According to Billie Gold (Vice President and Director of Programming Research at Amplifi), the NFL’s present viewership problem can probably be blamed on the scarcity of big games in the last two weeks. The absence of prominent names hasn’t helped matters either.

The NFL obviously didn’t plan the scarcity of marquee match-ups early in the season, and they obviously didn’t think that would become such a large problem. The absence of prominent NFL superstars is especially worrisome.

One only needs to look at the match between the Denver Broncos and the Carolina Panthers. The NBC Thursday night kickoff game should have been a huge draw, seeing as it was reenacting a highly exciting super bowl match from 2015.

Yet, the Broncos/Panthers numbers could have been higher; and some observers have argued that the absence of Broncos quarterback Peyton Manning might have had something to do with the lack of interest.

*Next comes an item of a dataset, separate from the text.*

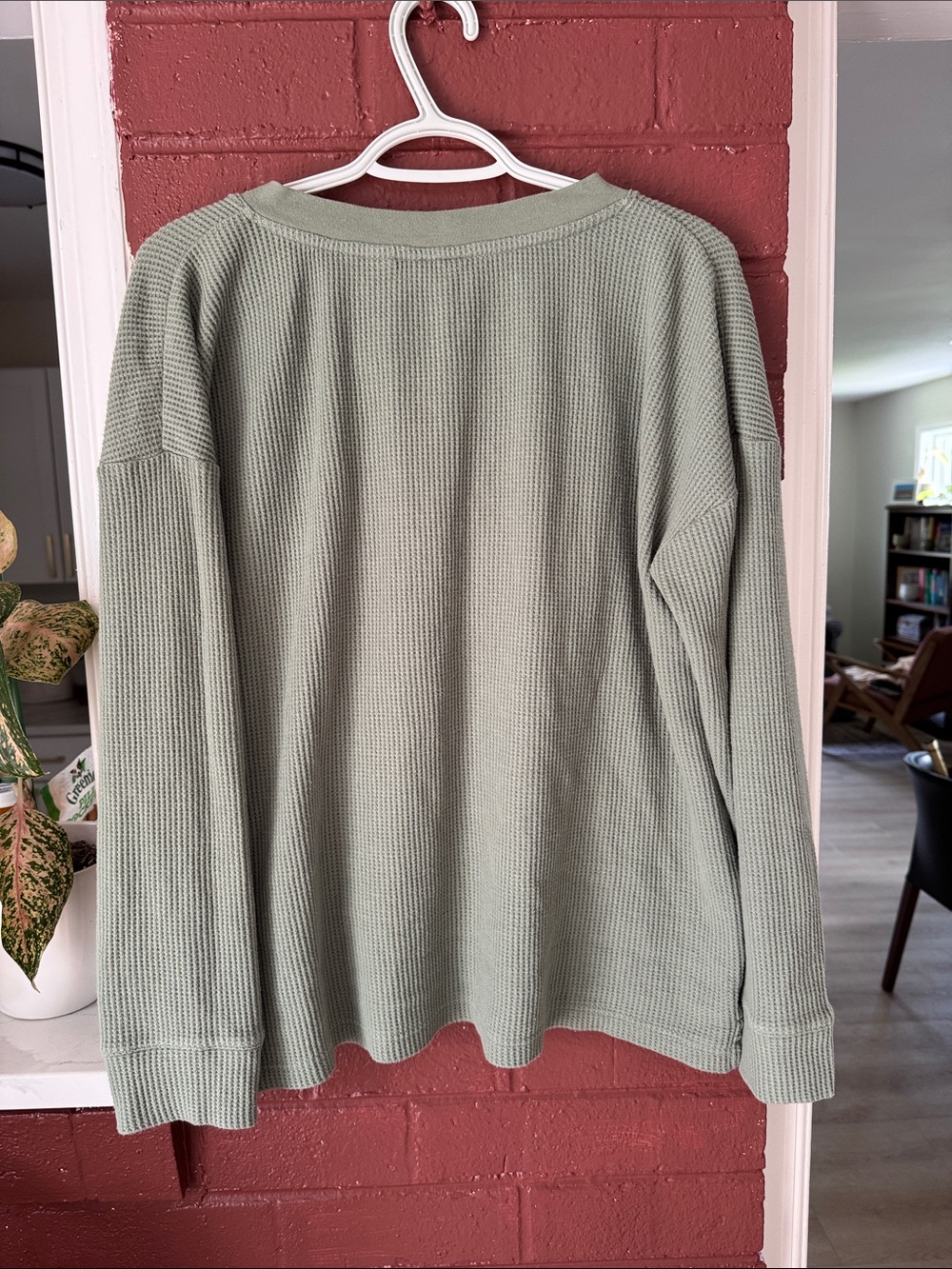 L.L.Bean Sage Green Waffle Knit Long Sleeve Loungewear Set Large - Picture 7 of 12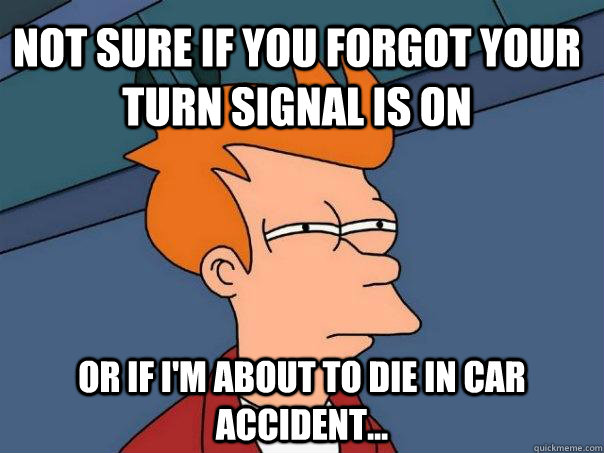 Not sure if you forgot your turn signal is on Or if I'm about to die in car accident...  Futurama Fry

Manning retired after the previous Super Bowl. Trevor Siemian, a seventh-round draft pick from 2015 replaced him; no one expected Trevor to draw big numbers, not when he was wearing shoes as big as those of Manning.

When the Arizona Cardinals faced the New England Patriots during NBC’s opening Sunday Night Match Up, no one could ignore the absence of Tom Brady who was suspended for four games because of the DeflateGate scandal.

The obvious scarcity of superstars wasn’t helped by the election fever gripping the country. The NFL is set to test its mettle on Monday when they go head to head with what some believe might be the most watched presidential debate in history.

The NFL might still be the most watched program on TV but these recent ratings drops prove that it isn’t invincible.